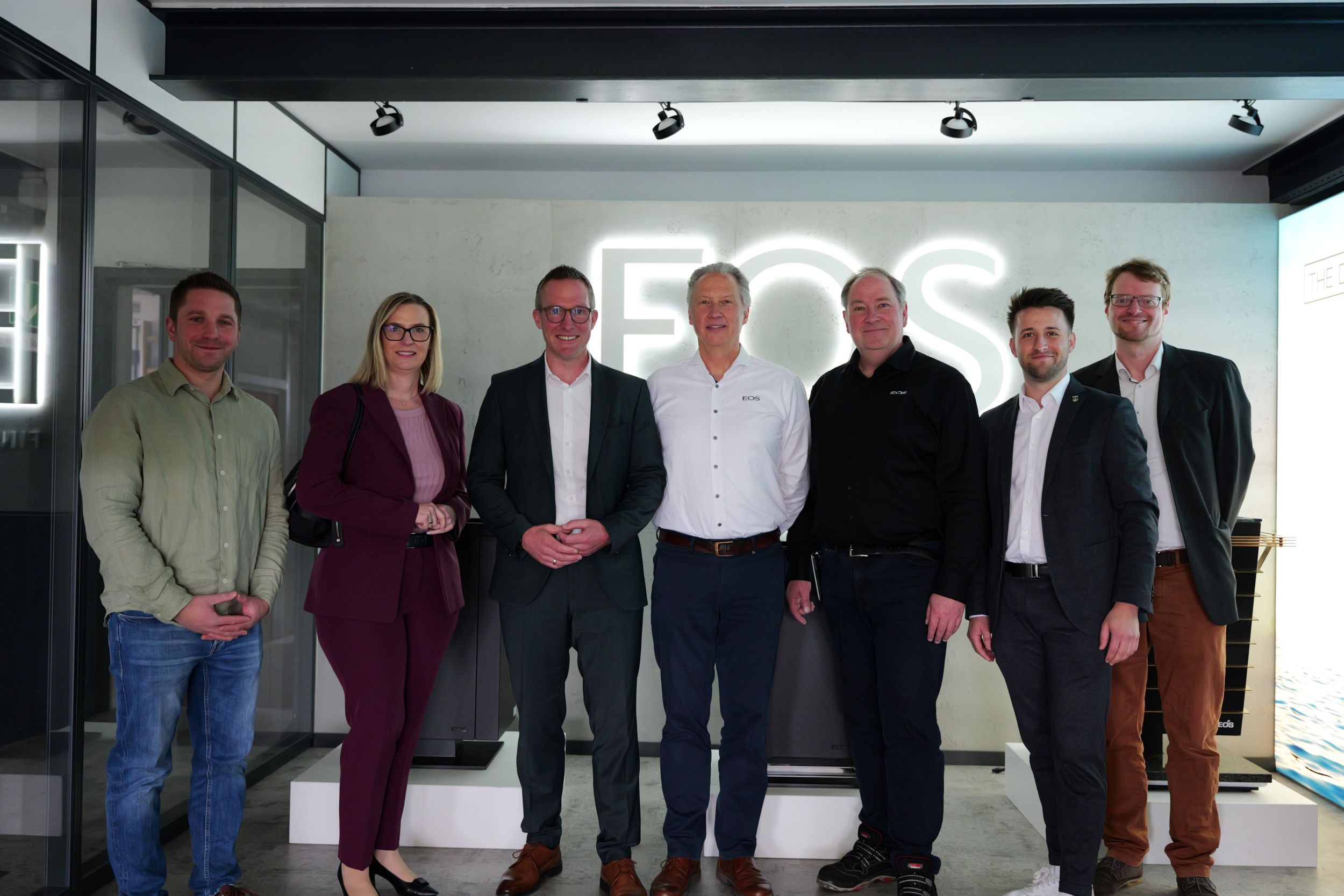 099_4_Unternehmensbesuch EOS Saunatechnik Die Wirtschaftsdelegation des Lahn-Dill-Kreises informierte sich in der Produktion über die Unternehmensentwicklung, aktuelle Investitionen sowie Zukunftsperspektiven der EOS Saunatechnik GmbH. V. l. n. r.: Jacob Manderbach (Kreis-Wirtschaftsförderung), Petra Kern (Agentur für Arbeit), Landrat Carsten Braun, Philipp Krauth (Geschäftsführer EOS Saunatechnik GmbH), Andreas Ehresmann (Technischer Leiter EOS Saunatechnik GmbH), Simon Rompf (Bürgermeister der Gemeinde Driedorf), Dr. Sven Saage (IHK Lahn-Dill). Foto: Blurry-Face-Visuals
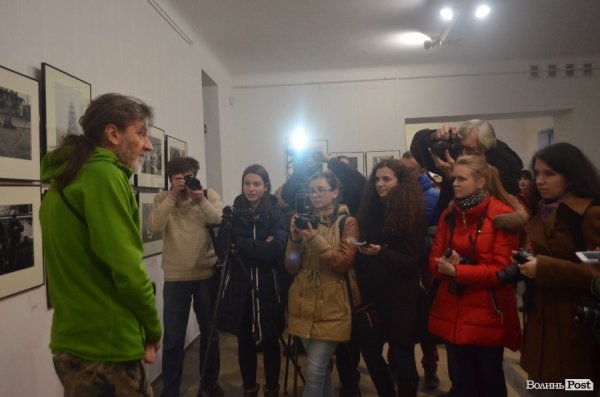 У Луцьку презентували виставку відомого фотографа-документаліста. ФОТО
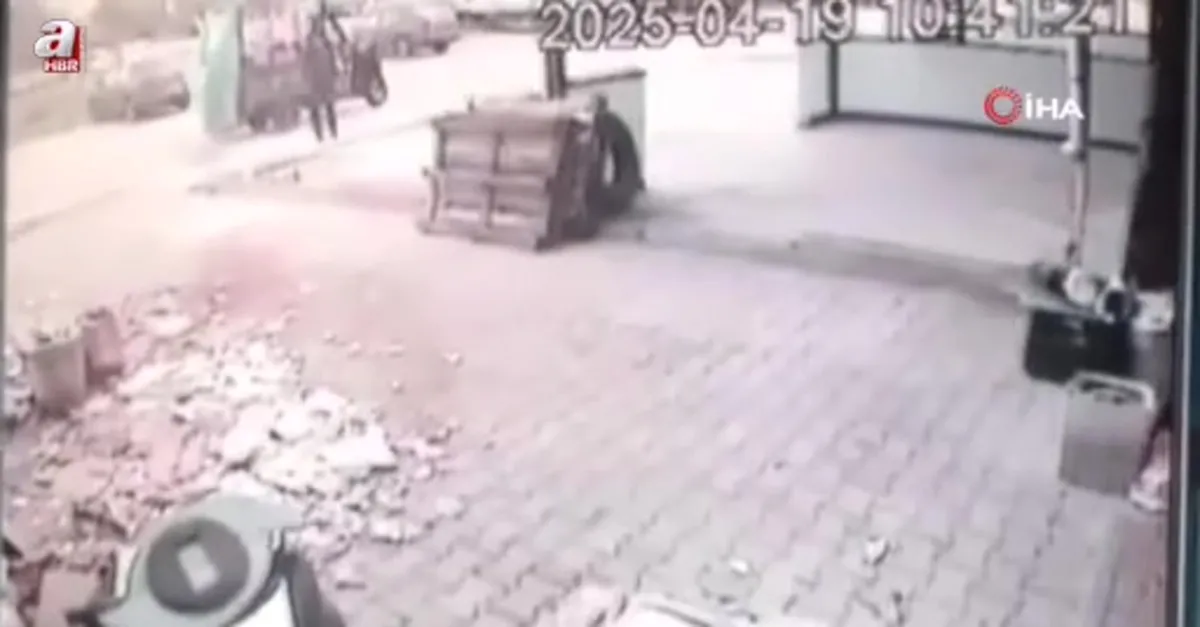 Rahat tavırlarla hırsızlık kamerada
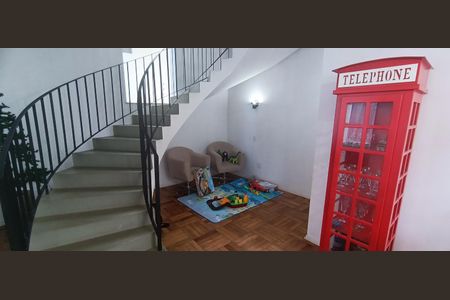 Casa à venda com 400m², 4 quartos e 7 vagas Casa à venda com 400m², 4 quartos e 7 vagasSala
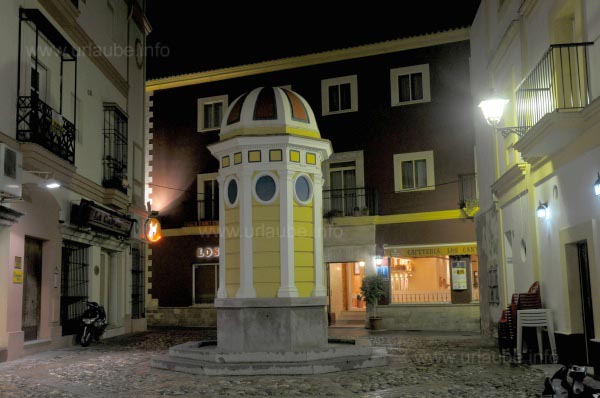Plaza de la C&aacute;rcel with the Hotel Los C&aacute;ntaros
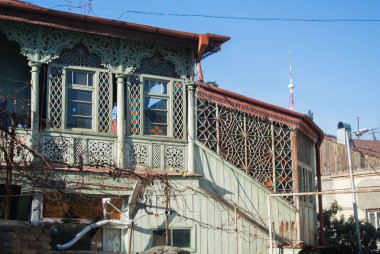 Tiflis, Gürcistan - 3 Ocak 2016: Dış mozaik windows Tiflis, Gürcistan'ın eski şehir ile eski bir ev.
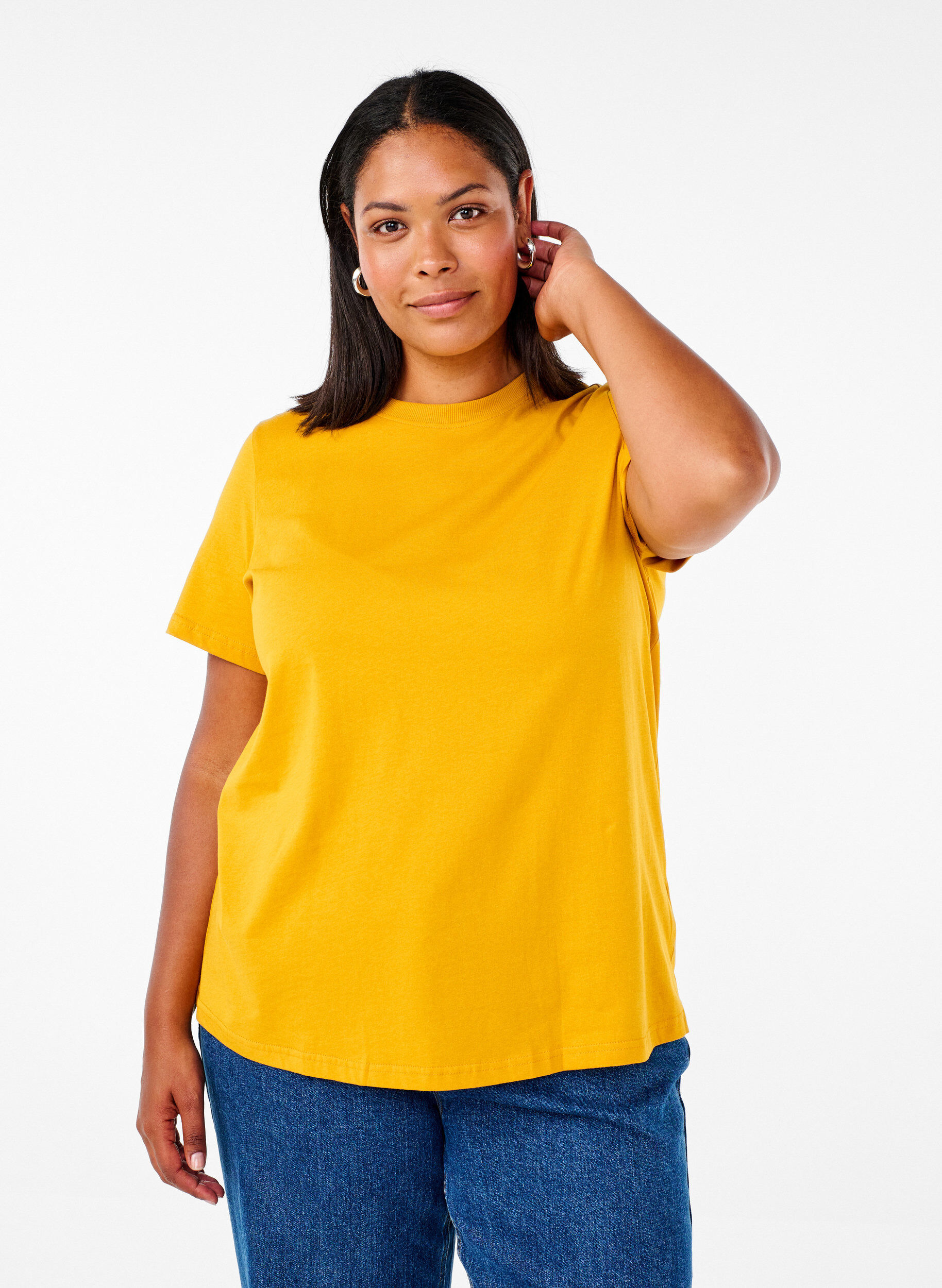 Enkel t-shirt i bomull med rund halsringning, Gul, Model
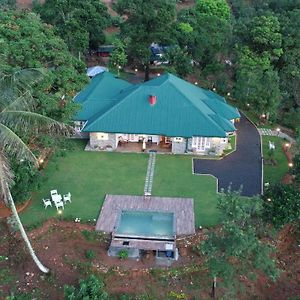 Hotel Rockbourne Bungalow à Kandy Exterior photo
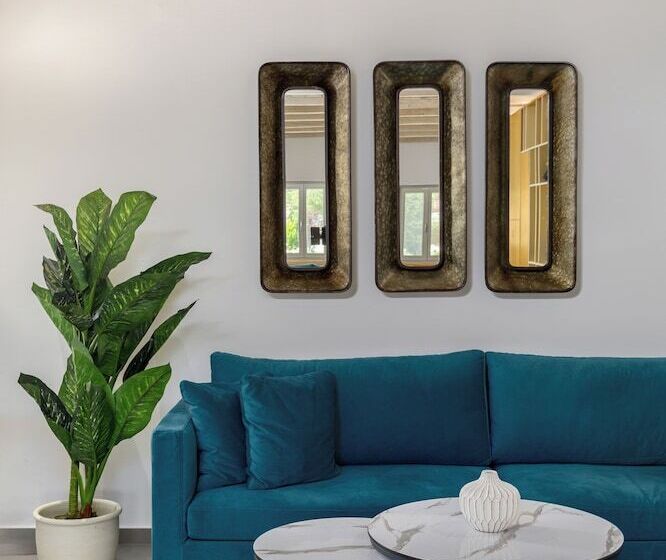 ホテル Margazi Areopolis Luxury Rooms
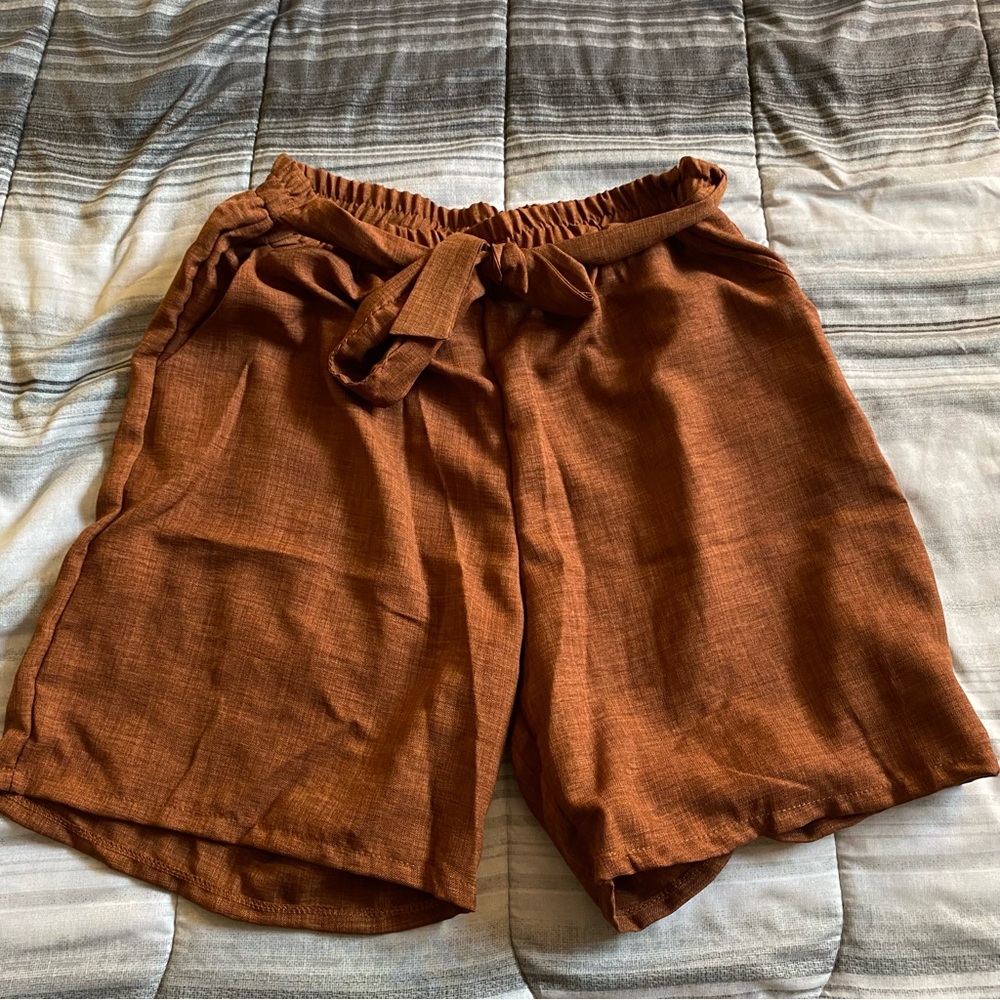 Brown Casual Shorts Modern Attraction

— EXERCISE OBJECTIVE —
Each entry should come back exactly as written, with its pictures omitted.

— TASK SOLUTION —
 099_4_Unternehmensbesuch EOS Saunatechnik Die Wirtschaftsdelegation des Lahn-Dill-Kreises informierte sich in der Produktion über die Unternehmensentwicklung, aktuelle Investitionen sowie Zukunftsperspektiven der EOS Saunatechnik GmbH. V. l. n. r.: Jacob Manderbach (Kreis-Wirtschaftsförderung), Petra Kern (Agentur für Arbeit), Landrat Carsten Braun, Philipp Krauth (Geschäftsführer EOS Saunatechnik GmbH), Andreas Ehresmann (Technischer Leiter EOS Saunatechnik GmbH), Simon Rompf (Bürgermeister der Gemeinde Driedorf), Dr. Sven Saage (IHK Lahn-Dill). Foto: Blurry-Face-Visuals
 У Луцьку презентували виставку відомого фотографа-документаліста. ФОТО
 Rahat tavırlarla hırsızlık kamerada
 Casa à venda com 400m², 4 quartos e 7 vagas Casa à venda com 400m², 4 quartos e 7 vagasSala
Plaza de la C&aacute;rcel with the Hotel Los C&aacute;ntaros
 Tiflis, Gürcistan - 3 Ocak 2016: Dış mozaik windows Tiflis, Gürcistan'ın eski şehir ile eski bir ev.
 Enkel t-shirt i bomull med rund halsringning, Gul, Model
 Hotel Rockbourne Bungalow à Kandy Exterior photo
 ホテル Margazi Areopolis Luxury Rooms
 Brown Casual Shorts Modern Attraction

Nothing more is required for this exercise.